ASSIGNED TASK >>
If any record holds an image, omit the image and print the rest exactly.

════════════════

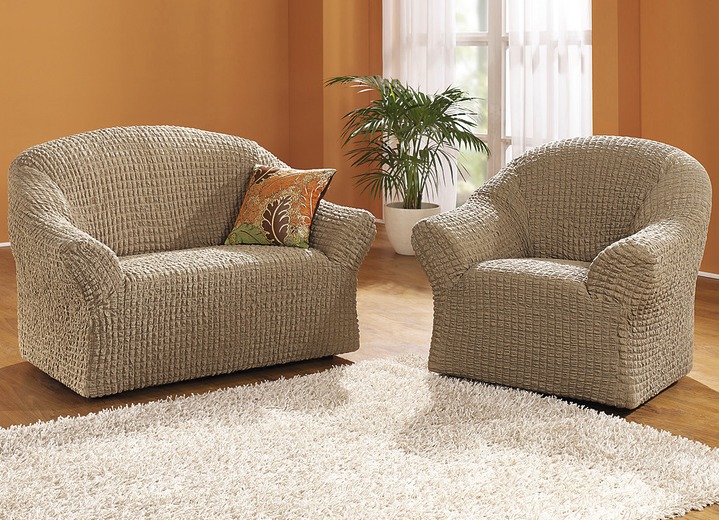 Sessel- & Sofaüberwürfe - Bi-elastische Stretchbezüge Ansicht 8 Sessel- & Sofaüberwürfe - Bi-elastische Stretchbezüge, in Größe 101 (Sesselbezug) bis 106 (Stuhlbezug), in Farbe BRAUN Ansicht 8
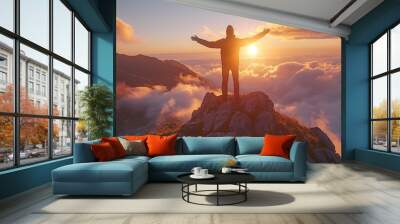 Man on the mountain, giving thanks to God Wall mural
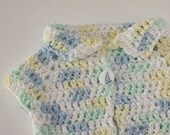 Handmade Baby Boy Crochet Newborn Sweater, Blue Green Yellow and White Collared Sweater with Sailboat Button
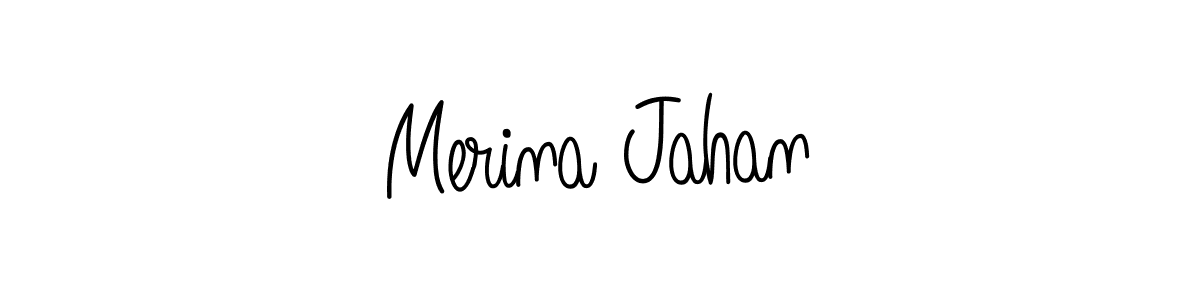 How to make Merina Jahan name signature. Use Angelique-Rose-font-FFP style for creating short signs online. This is the latest handwritten sign. Merina Jahan signature style 5 images and pictures png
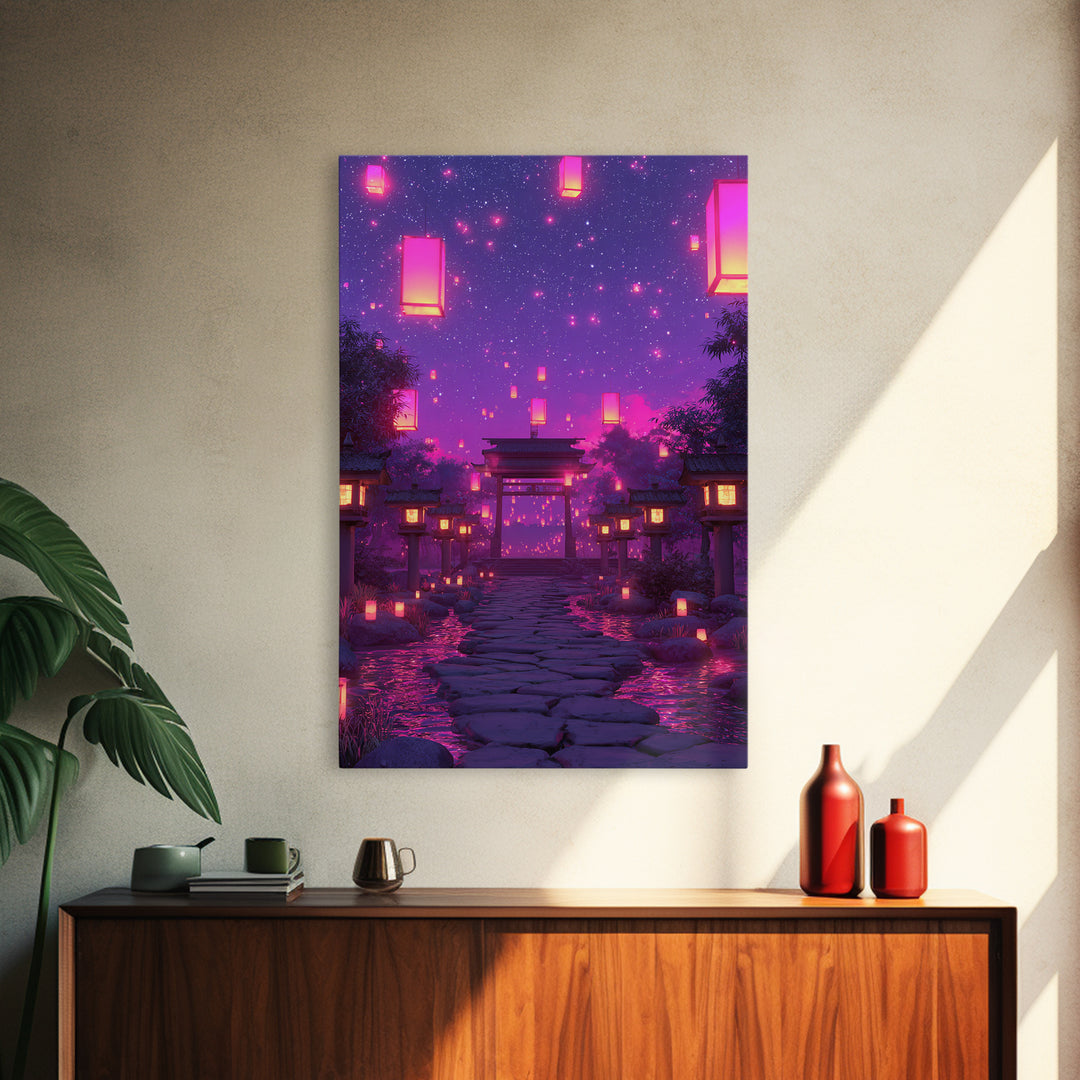 Enchanting Lantern Festival Pink And Purple Glow Night Landscape Wall Art Framed Canvas Print For Home And Office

════════════════

YOUR SOLUTION >>
 Sessel- & Sofaüberwürfe - Bi-elastische Stretchbezüge Ansicht 8 Sessel- & Sofaüberwürfe - Bi-elastische Stretchbezüge, in Größe 101 (Sesselbezug) bis 106 (Stuhlbezug), in Farbe BRAUN Ansicht 8
 Man on the mountain, giving thanks to God Wall mural
 Handmade Baby Boy Crochet Newborn Sweater, Blue Green Yellow and White Collared Sweater with Sailboat Button
 How to make Merina Jahan name signature. Use Angelique-Rose-font-FFP style for creating short signs online. This is the latest handwritten sign. Merina Jahan signature style 5 images and pictures png
 Enchanting Lantern Festival Pink And Purple Glow Night Landscape Wall Art Framed Canvas Print For Home And Office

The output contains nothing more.